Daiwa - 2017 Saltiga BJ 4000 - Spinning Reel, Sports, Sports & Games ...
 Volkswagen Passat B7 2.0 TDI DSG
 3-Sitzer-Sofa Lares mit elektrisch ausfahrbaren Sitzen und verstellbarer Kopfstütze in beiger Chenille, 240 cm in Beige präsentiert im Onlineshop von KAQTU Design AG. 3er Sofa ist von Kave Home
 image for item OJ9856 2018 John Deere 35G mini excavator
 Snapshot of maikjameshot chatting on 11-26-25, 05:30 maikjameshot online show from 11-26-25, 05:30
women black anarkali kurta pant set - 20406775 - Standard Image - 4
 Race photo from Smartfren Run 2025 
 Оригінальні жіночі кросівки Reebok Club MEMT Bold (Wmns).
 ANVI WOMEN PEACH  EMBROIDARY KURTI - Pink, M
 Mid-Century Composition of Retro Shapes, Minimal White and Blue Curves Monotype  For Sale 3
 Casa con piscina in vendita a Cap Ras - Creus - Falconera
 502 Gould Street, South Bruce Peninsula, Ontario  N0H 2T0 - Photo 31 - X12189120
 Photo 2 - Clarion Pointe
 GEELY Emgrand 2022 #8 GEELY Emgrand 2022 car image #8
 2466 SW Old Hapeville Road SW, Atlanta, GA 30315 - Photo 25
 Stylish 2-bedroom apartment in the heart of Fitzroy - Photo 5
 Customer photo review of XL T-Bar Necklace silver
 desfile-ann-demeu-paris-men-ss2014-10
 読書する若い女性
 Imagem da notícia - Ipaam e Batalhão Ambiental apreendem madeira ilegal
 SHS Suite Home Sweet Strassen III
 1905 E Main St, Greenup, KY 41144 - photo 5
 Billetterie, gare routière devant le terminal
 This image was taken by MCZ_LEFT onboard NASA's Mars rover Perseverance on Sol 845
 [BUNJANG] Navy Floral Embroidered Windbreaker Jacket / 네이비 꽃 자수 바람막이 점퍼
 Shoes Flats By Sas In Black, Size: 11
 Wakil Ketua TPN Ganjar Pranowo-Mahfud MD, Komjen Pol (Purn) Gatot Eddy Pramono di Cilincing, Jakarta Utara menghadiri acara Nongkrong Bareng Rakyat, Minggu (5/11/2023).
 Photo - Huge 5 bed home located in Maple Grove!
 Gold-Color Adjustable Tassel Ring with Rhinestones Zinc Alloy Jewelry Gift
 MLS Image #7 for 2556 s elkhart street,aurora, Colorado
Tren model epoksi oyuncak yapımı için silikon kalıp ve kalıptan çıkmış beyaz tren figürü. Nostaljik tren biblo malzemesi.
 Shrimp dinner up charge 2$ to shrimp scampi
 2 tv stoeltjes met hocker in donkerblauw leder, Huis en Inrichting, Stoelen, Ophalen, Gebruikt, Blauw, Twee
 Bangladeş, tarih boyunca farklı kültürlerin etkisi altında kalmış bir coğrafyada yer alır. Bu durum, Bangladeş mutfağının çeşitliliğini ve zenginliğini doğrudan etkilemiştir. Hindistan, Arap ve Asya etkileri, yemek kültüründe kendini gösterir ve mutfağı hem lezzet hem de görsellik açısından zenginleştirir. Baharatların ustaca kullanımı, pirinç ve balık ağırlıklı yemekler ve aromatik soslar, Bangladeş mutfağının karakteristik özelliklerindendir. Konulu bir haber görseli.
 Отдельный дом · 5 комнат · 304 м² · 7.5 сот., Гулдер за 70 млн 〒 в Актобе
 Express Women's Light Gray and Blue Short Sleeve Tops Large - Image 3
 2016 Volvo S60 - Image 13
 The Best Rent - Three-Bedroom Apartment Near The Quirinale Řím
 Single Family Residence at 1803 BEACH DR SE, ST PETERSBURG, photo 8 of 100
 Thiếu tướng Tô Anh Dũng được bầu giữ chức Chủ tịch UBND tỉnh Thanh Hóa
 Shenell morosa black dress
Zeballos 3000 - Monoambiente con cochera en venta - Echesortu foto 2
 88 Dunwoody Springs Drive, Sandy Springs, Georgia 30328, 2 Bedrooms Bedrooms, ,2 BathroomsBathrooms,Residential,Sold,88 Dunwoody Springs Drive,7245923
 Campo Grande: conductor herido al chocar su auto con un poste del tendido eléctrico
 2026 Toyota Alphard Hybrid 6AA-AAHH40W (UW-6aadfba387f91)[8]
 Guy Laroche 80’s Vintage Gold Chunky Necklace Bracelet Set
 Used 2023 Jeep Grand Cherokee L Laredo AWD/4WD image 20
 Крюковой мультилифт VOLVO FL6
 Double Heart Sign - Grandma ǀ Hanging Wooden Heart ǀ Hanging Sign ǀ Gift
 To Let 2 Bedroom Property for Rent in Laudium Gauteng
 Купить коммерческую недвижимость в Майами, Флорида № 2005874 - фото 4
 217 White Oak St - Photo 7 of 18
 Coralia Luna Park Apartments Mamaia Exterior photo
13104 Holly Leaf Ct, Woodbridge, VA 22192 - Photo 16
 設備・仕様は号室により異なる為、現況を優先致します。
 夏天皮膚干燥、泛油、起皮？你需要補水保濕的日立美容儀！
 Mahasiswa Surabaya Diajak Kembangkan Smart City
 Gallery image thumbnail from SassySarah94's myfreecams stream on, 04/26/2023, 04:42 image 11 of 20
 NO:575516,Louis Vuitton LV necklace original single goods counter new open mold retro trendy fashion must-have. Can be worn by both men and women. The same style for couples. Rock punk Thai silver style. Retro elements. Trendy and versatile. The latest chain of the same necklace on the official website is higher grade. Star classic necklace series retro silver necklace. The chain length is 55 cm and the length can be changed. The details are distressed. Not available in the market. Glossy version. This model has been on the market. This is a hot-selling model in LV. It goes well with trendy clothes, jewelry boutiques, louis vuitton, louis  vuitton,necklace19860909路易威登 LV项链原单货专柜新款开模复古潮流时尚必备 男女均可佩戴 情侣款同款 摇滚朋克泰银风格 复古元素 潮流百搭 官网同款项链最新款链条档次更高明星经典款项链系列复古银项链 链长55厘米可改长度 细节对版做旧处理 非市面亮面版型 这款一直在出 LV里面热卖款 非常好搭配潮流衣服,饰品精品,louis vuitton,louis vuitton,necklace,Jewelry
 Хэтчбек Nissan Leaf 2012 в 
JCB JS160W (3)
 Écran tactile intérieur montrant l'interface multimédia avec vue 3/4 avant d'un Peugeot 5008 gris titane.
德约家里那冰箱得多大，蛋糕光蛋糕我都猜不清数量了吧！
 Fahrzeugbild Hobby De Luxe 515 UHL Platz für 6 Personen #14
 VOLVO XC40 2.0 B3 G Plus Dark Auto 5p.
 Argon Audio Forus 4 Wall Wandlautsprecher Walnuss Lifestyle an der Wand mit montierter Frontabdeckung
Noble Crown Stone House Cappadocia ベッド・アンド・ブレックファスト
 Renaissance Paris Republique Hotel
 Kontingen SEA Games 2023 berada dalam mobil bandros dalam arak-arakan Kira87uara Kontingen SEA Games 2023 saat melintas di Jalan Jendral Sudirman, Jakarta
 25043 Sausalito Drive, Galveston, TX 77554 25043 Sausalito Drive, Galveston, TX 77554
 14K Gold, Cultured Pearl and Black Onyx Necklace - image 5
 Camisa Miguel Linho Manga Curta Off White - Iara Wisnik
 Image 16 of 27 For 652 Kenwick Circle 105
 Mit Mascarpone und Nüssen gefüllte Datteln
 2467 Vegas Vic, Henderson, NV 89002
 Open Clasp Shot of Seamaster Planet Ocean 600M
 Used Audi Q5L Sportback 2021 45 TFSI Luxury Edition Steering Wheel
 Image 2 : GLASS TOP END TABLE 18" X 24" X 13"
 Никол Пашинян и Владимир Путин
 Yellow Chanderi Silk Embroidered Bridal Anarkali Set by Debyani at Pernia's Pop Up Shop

= = = =

The material should be transcribed exactly, every line included.

Daiwa - 2017 Saltiga BJ 4000 - Spinning Reel, Sports, Sports & Games ...
 Volkswagen Passat B7 2.0 TDI DSG
 3-Sitzer-Sofa Lares mit elektrisch ausfahrbaren Sitzen und verstellbarer Kopfstütze in beiger Chenille, 240 cm in Beige präsentiert im Onlineshop von KAQTU Design AG. 3er Sofa ist von Kave Home
 image for item OJ9856 2018 John Deere 35G mini excavator
 Snapshot of maikjameshot chatting on 11-26-25, 05:30 maikjameshot online show from 11-26-25, 05:30
women black anarkali kurta pant set - 20406775 - Standard Image - 4
 Race photo from Smartfren Run 2025 
 Оригінальні жіночі кросівки Reebok Club MEMT Bold (Wmns).
 ANVI WOMEN PEACH  EMBROIDARY KURTI - Pink, M
 Mid-Century Composition of Retro Shapes, Minimal White and Blue Curves Monotype  For Sale 3
 Casa con piscina in vendita a Cap Ras - Creus - Falconera
 502 Gould Street, South Bruce Peninsula, Ontario  N0H 2T0 - Photo 31 - X12189120
 Photo 2 - Clarion Pointe
 GEELY Emgrand 2022 #8 GEELY Emgrand 2022 car image #8
 2466 SW Old Hapeville Road SW, Atlanta, GA 30315 - Photo 25
 Stylish 2-bedroom apartment in the heart of Fitzroy - Photo 5
 Customer photo review of XL T-Bar Necklace silver
 desfile-ann-demeu-paris-men-ss2014-10
 読書する若い女性
 Imagem da notícia - Ipaam e Batalhão Ambiental apreendem madeira ilegal
 SHS Suite Home Sweet Strassen III
 1905 E Main St, Greenup, KY 41144 - photo 5
 Billetterie, gare routière devant le terminal
 This image was taken by MCZ_LEFT onboard NASA's Mars rover Perseverance on Sol 845
 [BUNJANG] Navy Floral Embroidered Windbreaker Jacket / 네이비 꽃 자수 바람막이 점퍼
 Shoes Flats By Sas In Black, Size: 11
 Wakil Ketua TPN Ganjar Pranowo-Mahfud MD, Komjen Pol (Purn) Gatot Eddy Pramono di Cilincing, Jakarta Utara menghadiri acara Nongkrong Bareng Rakyat, Minggu (5/11/2023).
 Photo - Huge 5 bed home located in Maple Grove!
 Gold-Color Adjustable Tassel Ring with Rhinestones Zinc Alloy Jewelry Gift
 MLS Image #7 for 2556 s elkhart street,aurora, Colorado
Tren model epoksi oyuncak yapımı için silikon kalıp ve kalıptan çıkmış beyaz tren figürü. Nostaljik tren biblo malzemesi.
 Shrimp dinner up charge 2$ to shrimp scampi
 2 tv stoeltjes met hocker in donkerblauw leder, Huis en Inrichting, Stoelen, Ophalen, Gebruikt, Blauw, Twee
 Bangladeş, tarih boyunca farklı kültürlerin etkisi altında kalmış bir coğrafyada yer alır. Bu durum, Bangladeş mutfağının çeşitliliğini ve zenginliğini doğrudan etkilemiştir. Hindistan, Arap ve Asya etkileri, yemek kültüründe kendini gösterir ve mutfağı hem lezzet hem de görsellik açısından zenginleştirir. Baharatların ustaca kullanımı, pirinç ve balık ağırlıklı yemekler ve aromatik soslar, Bangladeş mutfağının karakteristik özelliklerindendir. Konulu bir haber görseli.
 Отдельный дом · 5 комнат · 304 м² · 7.5 сот., Гулдер за 70 млн 〒 в Актобе
 Express Women's Light Gray and Blue Short Sleeve Tops Large - Image 3
 2016 Volvo S60 - Image 13
 The Best Rent - Three-Bedroom Apartment Near The Quirinale Řím
 Single Family Residence at 1803 BEACH DR SE, ST PETERSBURG, photo 8 of 100
 Thiếu tướng Tô Anh Dũng được bầu giữ chức Chủ tịch UBND tỉnh Thanh Hóa
 Shenell morosa black dress
Zeballos 3000 - Monoambiente con cochera en venta - Echesortu foto 2
 88 Dunwoody Springs Drive, Sandy Springs, Georgia 30328, 2 Bedrooms Bedrooms, ,2 BathroomsBathrooms,Residential,Sold,88 Dunwoody Springs Drive,7245923
 Campo Grande: conductor herido al chocar su auto con un poste del tendido eléctrico
 2026 Toyota Alphard Hybrid 6AA-AAHH40W (UW-6aadfba387f91)[8]
 Guy Laroche 80’s Vintage Gold Chunky Necklace Bracelet Set
 Used 2023 Jeep Grand Cherokee L Laredo AWD/4WD image 20
 Крюковой мультилифт VOLVO FL6
 Double Heart Sign - Grandma ǀ Hanging Wooden Heart ǀ Hanging Sign ǀ Gift
 To Let 2 Bedroom Property for Rent in Laudium Gauteng
 Купить коммерческую недвижимость в Майами, Флорида № 2005874 - фото 4
 217 White Oak St - Photo 7 of 18
 Coralia Luna Park Apartments Mamaia Exterior photo
13104 Holly Leaf Ct, Woodbridge, VA 22192 - Photo 16
 設備・仕様は号室により異なる為、現況を優先致します。
 夏天皮膚干燥、泛油、起皮？你需要補水保濕的日立美容儀！
 Mahasiswa Surabaya Diajak Kembangkan Smart City
 Gallery image thumbnail from SassySarah94's myfreecams stream on, 04/26/2023, 04:42 image 11 of 20
 NO:575516,Louis Vuitton LV necklace original single goods counter new open mold retro trendy fashion must-have. Can be worn by both men and women. The same style for couples. Rock punk Thai silver style. Retro elements. Trendy and versatile. The latest chain of the same necklace on the official website is higher grade. Star classic necklace series retro silver necklace. The chain length is 55 cm and the length can be changed. The details are distressed. Not available in the market. Glossy version. This model has been on the market. This is a hot-selling model in LV. It goes well with trendy clothes, jewelry boutiques, louis vuitton, louis  vuitton,necklace19860909路易威登 LV项链原单货专柜新款开模复古潮流时尚必备 男女均可佩戴 情侣款同款 摇滚朋克泰银风格 复古元素 潮流百搭 官网同款项链最新款链条档次更高明星经典款项链系列复古银项链 链长55厘米可改长度 细节对版做旧处理 非市面亮面版型 这款一直在出 LV里面热卖款 非常好搭配潮流衣服,饰品精品,louis vuitton,louis vuitton,necklace,Jewelry
 Хэтчбек Nissan Leaf 2012 в 
JCB JS160W (3)
 Écran tactile intérieur montrant l'interface multimédia avec vue 3/4 avant d'un Peugeot 5008 gris titane.
德约家里那冰箱得多大，蛋糕光蛋糕我都猜不清数量了吧！
 Fahrzeugbild Hobby De Luxe 515 UHL Platz für 6 Personen #14
 VOLVO XC40 2.0 B3 G Plus Dark Auto 5p.
 Argon Audio Forus 4 Wall Wandlautsprecher Walnuss Lifestyle an der Wand mit montierter Frontabdeckung
Noble Crown Stone House Cappadocia ベッド・アンド・ブレックファスト
 Renaissance Paris Republique Hotel
 Kontingen SEA Games 2023 berada dalam mobil bandros dalam arak-arakan Kira87uara Kontingen SEA Games 2023 saat melintas di Jalan Jendral Sudirman, Jakarta
 25043 Sausalito Drive, Galveston, TX 77554 25043 Sausalito Drive, Galveston, TX 77554
 14K Gold, Cultured Pearl and Black Onyx Necklace - image 5
 Camisa Miguel Linho Manga Curta Off White - Iara Wisnik
 Image 16 of 27 For 652 Kenwick Circle 105
 Mit Mascarpone und Nüssen gefüllte Datteln
 2467 Vegas Vic, Henderson, NV 89002
 Open Clasp Shot of Seamaster Planet Ocean 600M
 Used Audi Q5L Sportback 2021 45 TFSI Luxury Edition Steering Wheel
 Image 2 : GLASS TOP END TABLE 18" X 24" X 13"
 Никол Пашинян и Владимир Путин
 Yellow Chanderi Silk Embroidered Bridal Anarkali Set by Debyani at Pernia's Pop Up Shop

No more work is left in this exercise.